Nick Tropeano (33% owned)
Tropeano, as with Rickard, is likely to be a popular early draft choice, but it comes with a caveat. Tyler Skaggsimminent return to the rotation puts Tropeano’s immediate major-league future in jeopardy. That said, Tropeano has serious keeper potential, and the Angels rotation is likely to keep affording in-season opportunities.
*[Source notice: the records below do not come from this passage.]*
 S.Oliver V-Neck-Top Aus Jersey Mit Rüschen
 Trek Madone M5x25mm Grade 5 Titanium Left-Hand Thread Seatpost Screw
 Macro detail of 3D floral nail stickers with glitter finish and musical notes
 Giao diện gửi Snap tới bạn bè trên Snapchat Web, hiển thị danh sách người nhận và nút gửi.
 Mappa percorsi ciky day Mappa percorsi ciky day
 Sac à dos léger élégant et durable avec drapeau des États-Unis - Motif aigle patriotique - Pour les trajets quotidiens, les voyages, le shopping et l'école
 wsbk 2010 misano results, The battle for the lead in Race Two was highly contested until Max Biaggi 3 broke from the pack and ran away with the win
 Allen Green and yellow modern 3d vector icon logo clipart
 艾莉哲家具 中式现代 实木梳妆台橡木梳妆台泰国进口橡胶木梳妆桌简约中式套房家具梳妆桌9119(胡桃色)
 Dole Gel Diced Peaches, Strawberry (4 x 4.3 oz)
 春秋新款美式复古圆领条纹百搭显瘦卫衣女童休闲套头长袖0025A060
Christian Vazquez (26% owned)
A loud and insistent drumbeat from the Boston media conglomerate and within the organization resulted in Vazquez’s recall this week to serve as the likely regular catcher. Even before the season, we were higher on Vazquez than we were on his young counterpart Blake Swihart, as Vazquez at least had a signature skill as an elite defensive player. His bat is likely to leave him just shy of keeper status, but he’ll provide you with a few hundred at-bats from the catcher position, which can make for a valuable trade chit at minimum.

Bryan Holaday (20% owned)
As with Vazquez, Holaday has recently come into regular playing time, and is thus useful both to your team and in emergencies. His value as a regular exists only until Robinson Chirinos returns or until Jon Daniels decides to repair this long-term positional scar once-and-for-all, but he can replace some lost catcher innings in the early season for the right team.

Daniel Nava (49% owned)
It seems that many Scoresheet owners were rightfully gun-shy that the Angels would actually let their outfield degrade to the point where Nava was receiving regular at-bats. But here we are, and we like Nava for his ability to potentially provide his brand of plate patience off the bench from the left side as a primary pinch-hitter.

Ricky Nolasco (9% owned)
Nolasco isn’t the biggest problem on the Twins right now, which means that he’s doing well enough not to be the first player released or otherwise exiled. Enjoy your 100 below average starting innings as they protect you from the gaping maw of Triple-A Pitcher.

National League

Tommy La Stella (23% owned)
As Kyle Schwarber’s playing time is sadly distributed throughout the Cubs organization, La Stella is likely to be a beneficiary. Even as a part time player, he’s worth rostering as a primary pinch-hitter, or even as your regular batter versus righties until his playing time runs out.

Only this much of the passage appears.